Outside

Something is better than nothing.

性欲と倫理観

 人との接点を持つと、思いがけないことが外からやってくることがあり、そのことにより少なからぬ影響を受けることがある。人と話すことに苦痛を覚えながらも、自分自身の傾向として他者から影響を受けることが多々あるためなのか、少しの社交性を発揮することで、流れ込むように自分の中での変化のようなものがやってくる。

 少し前に、『文藝』の恋愛特集をなんとなく読んでいたときがあり、遠野遥の小説を読むついでにマッチングアプリを始めとする恋愛事情を詳しく知りたいと思って、評論を読んでいた。私はこれを使ったことはないのだが、その動態については興味があり、婚活業界も射程に入れて興味を持続させていた。

 もう十年以上前に、川上未映子の「私たちの恋愛は瀕死」を読んでからだろうか、あの小説の中の物語というよりも、このタイトルの突拍子もない、しかし本質を突いたようにも感じられる勢いによって、私の何かは貫かれてしまったのだろうか。
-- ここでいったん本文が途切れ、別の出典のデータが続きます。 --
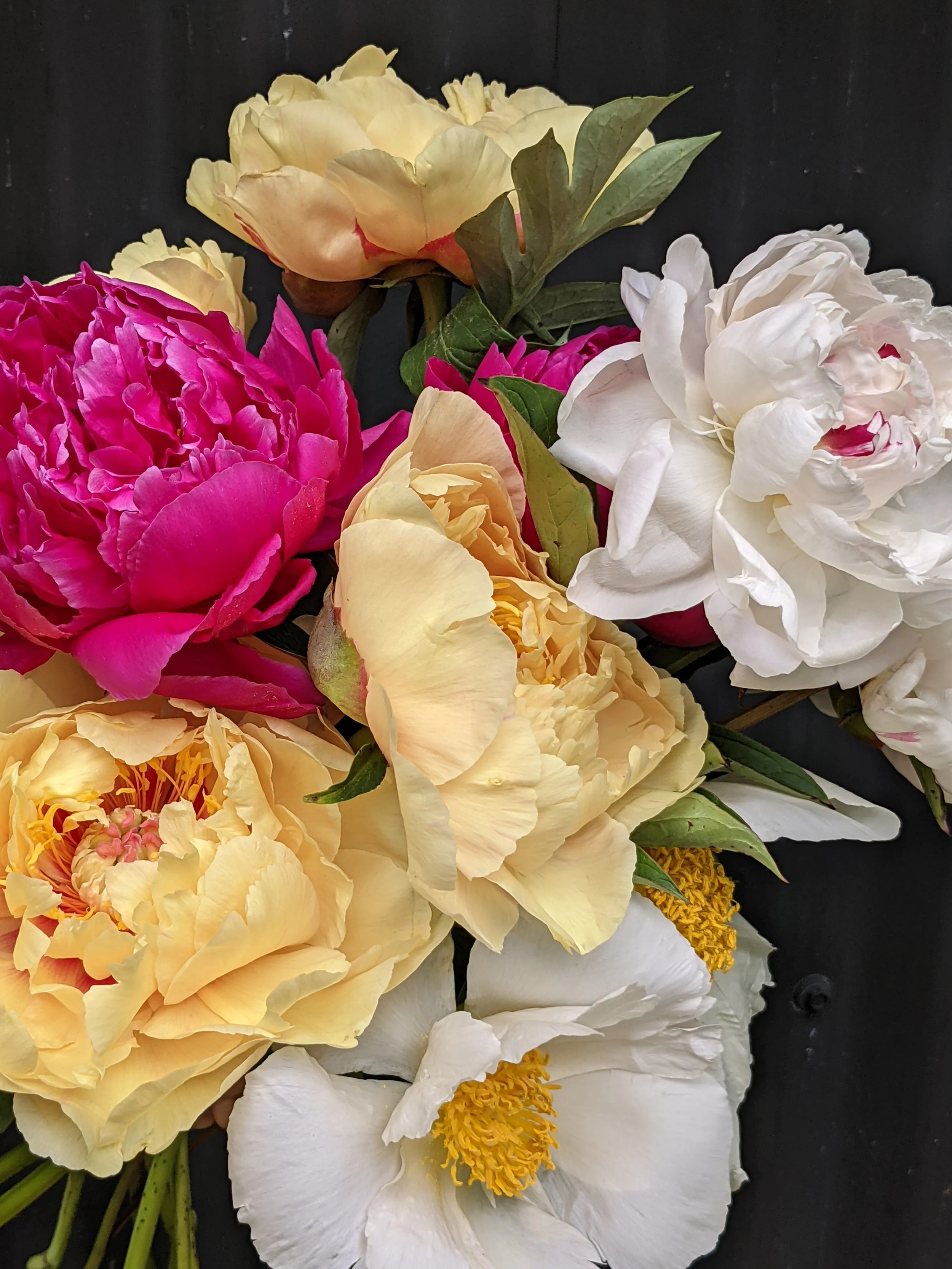  Close up of delicate, multicolored petals of white, yellow and pink booms 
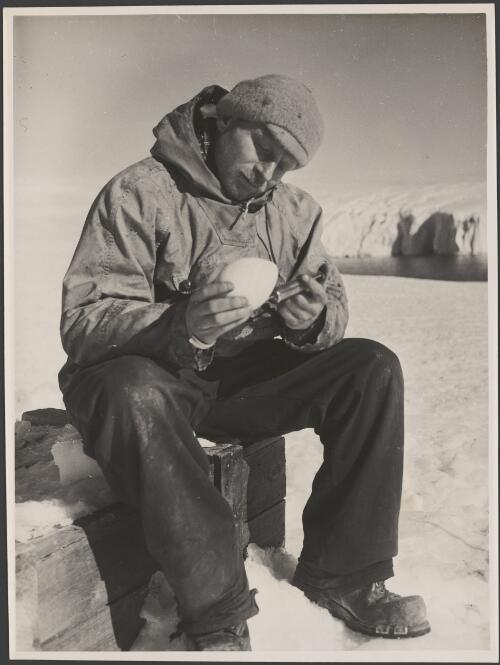 Bob Summers, medical officer inoculates an Emperor penguin's egg, Antarctica, 1954 [picture] / George Lowe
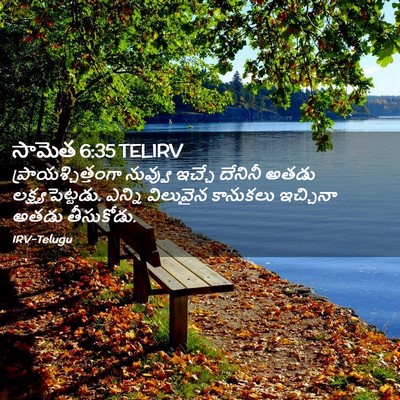 Picture 02 - సామెత 6:35 TELIRV - ప్రాయశ్చిత్తంగా - Bible Verse Picture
 遠野遥の小説はどことなく倫理観がおかしい。それは人間のちぐはぐさが、そのままちぐはぐなまま形だけ表面的にそれらしく整えつつ、行動原理そのものが表面のために存在している、というような類のちぐはぐさであり、そこに欲望があるようにもあまり感じない。生理的欲求は発散することになるし、そのための努力も行うが、しかし繋がったまま延々とM-1グランプリの話をされるくだりを読んでいると、いや、確かにそういった類の出来事自体はありうるし、そこに暴力的な行為はないものの、しかしそれは果たして何のためなのか分からなくなってくる。

 川上の小説にはまだ欲望を感じられた。そこにディスコミュニケーションがあったかもしれないし、そもそも始まることのなかったコミュニケーションがそこにあったのかもしれないし、その果ての暴力的な結末だったのかもしれないのだが、しかし、それでも。

 誰かと誰かが性的に繋がるとき、それはセックスと呼ばれる湿っぽい暴力の気配はなく、アプリによって介在されるシチュエーションシップといったリレーションに陥っているのかもしれないのだが、それが果たして陥るべきものなのか、オープンリレーションシップを受けいれていくようなものなのか。モノガミーとポリアモリーの境界を彷徨いながら、欲求の強弱を発情期の存在しない、ただ月経周期による可否によって行ったり来たりすることの倫理観。

 不特定多数と同時並行しながら、新しい相手を貪欲に求めていき、その求めた相手の実像はあやふやで次の瞬間には消えてしまう。恋人、婚約、結婚、出産、育児、といったライフステージによる一種の暴力的な規定が、シチュエーションシップとの親和性はない。若さはいつまでそれを担保させるのか分からないけれども、責任が待ち構えている。